▶ Problem to work on:
The answer must be an exact copy of the lines from the one containing "无花朵若茹东云单拍E654" through the end of the records, with the pictures left out.

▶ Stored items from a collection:
▬▬▬

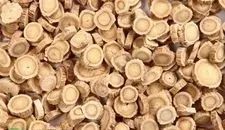 Nutritional Value and Benefits of Astragalus: Advantages for Women and Precautions
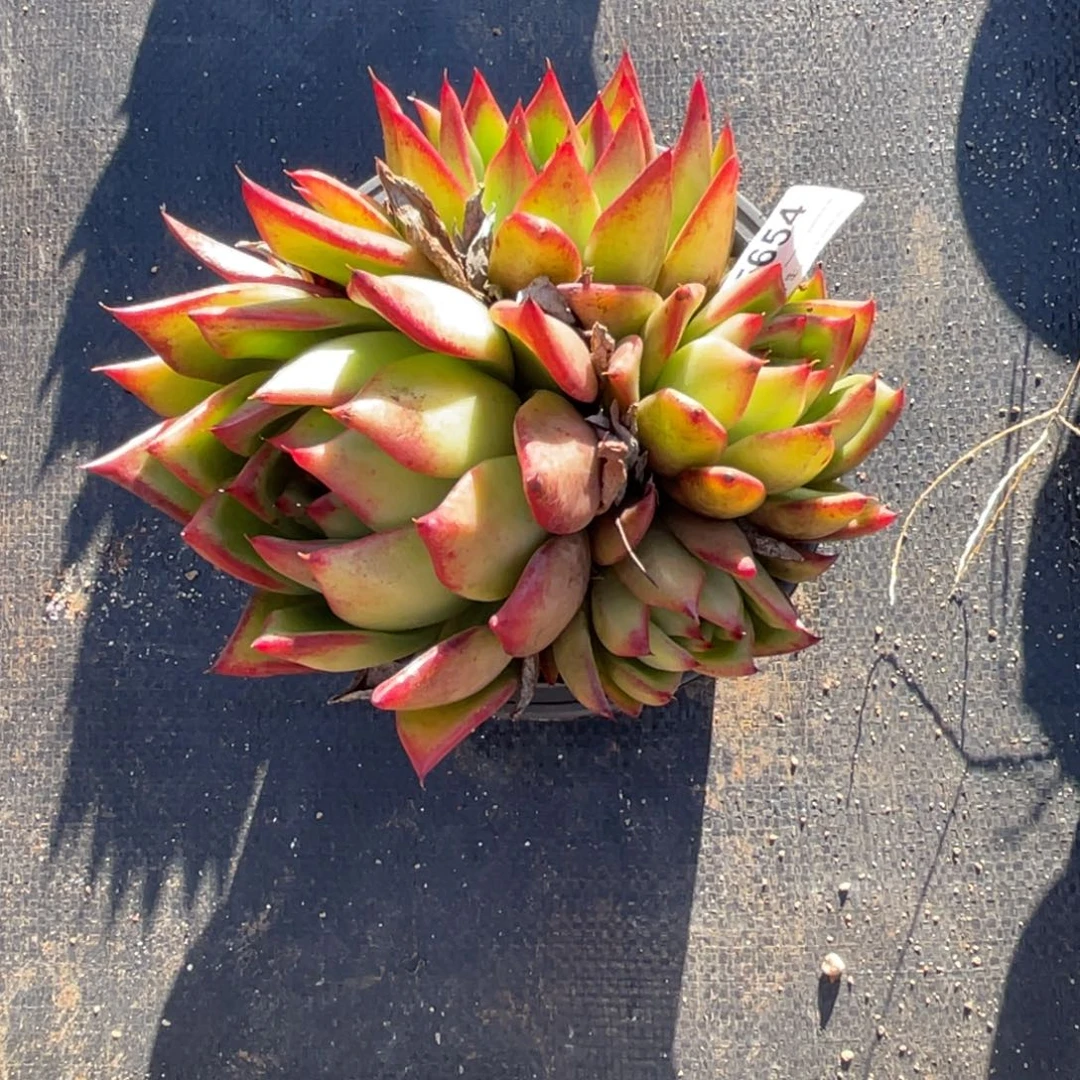 无花朵若茹东云单拍E654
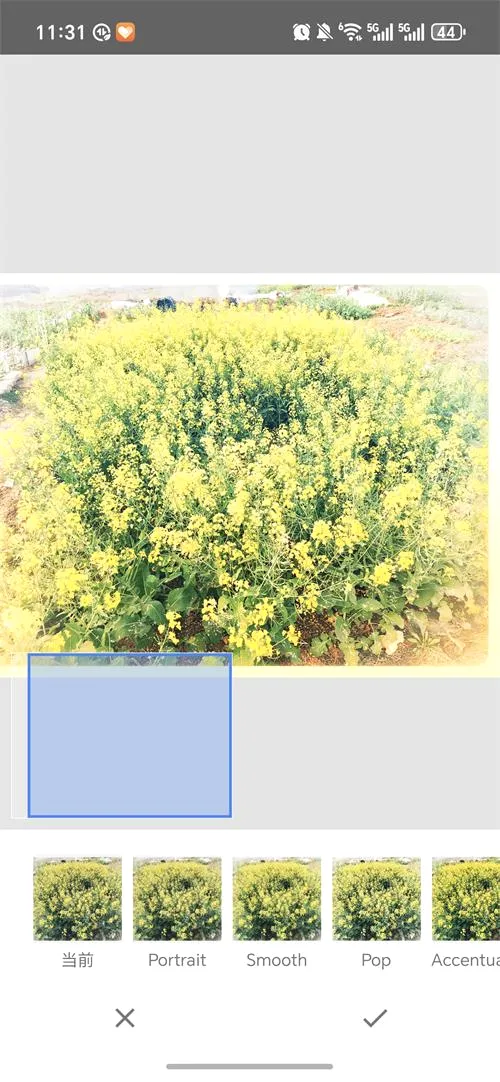 BetterSeed(图片处理软件)v2.22.0.633363672 官方正版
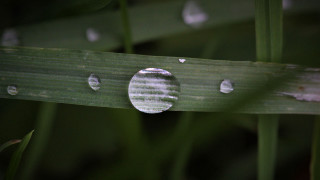 Leaf water droplets macro shallow 2 - a close up of a leaf free wallpaper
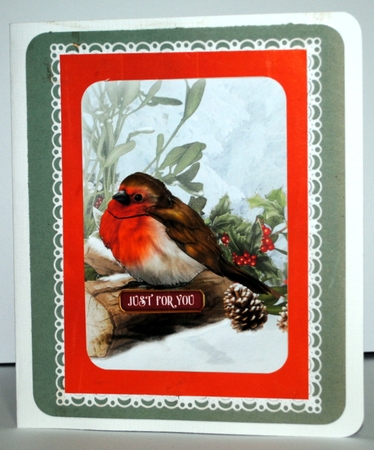 Snowy Robin by Kristina Norbat
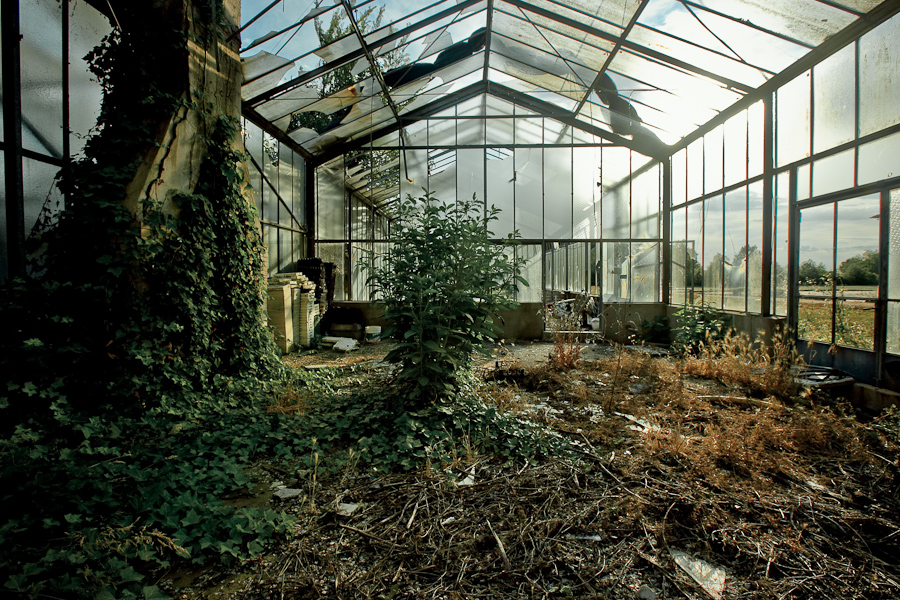 greenhouse7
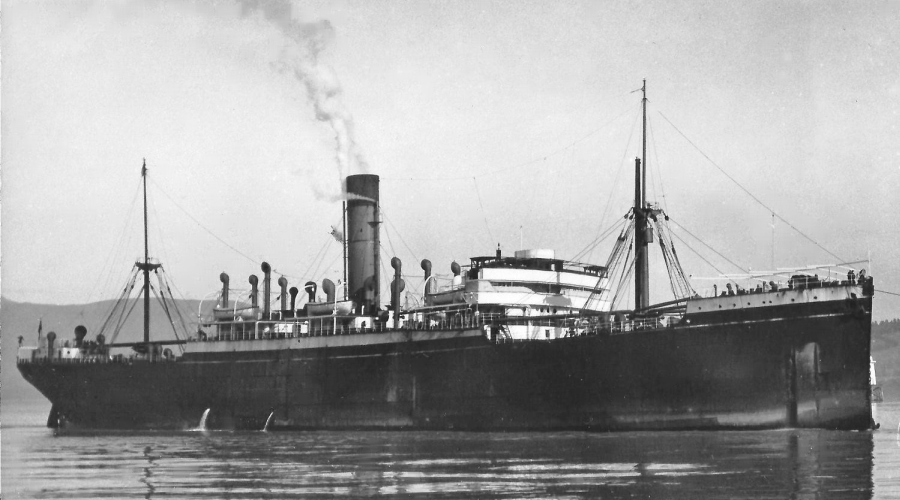 Maimoa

▬▬▬

▶ Task solution:
 无花朵若茹东云单拍E654
 BetterSeed(图片处理软件)v2.22.0.633363672 官方正版
 Leaf water droplets macro shallow 2 - a close up of a leaf free wallpaper
 Snowy Robin by Kristina Norbat
 greenhouse7
 Maimoa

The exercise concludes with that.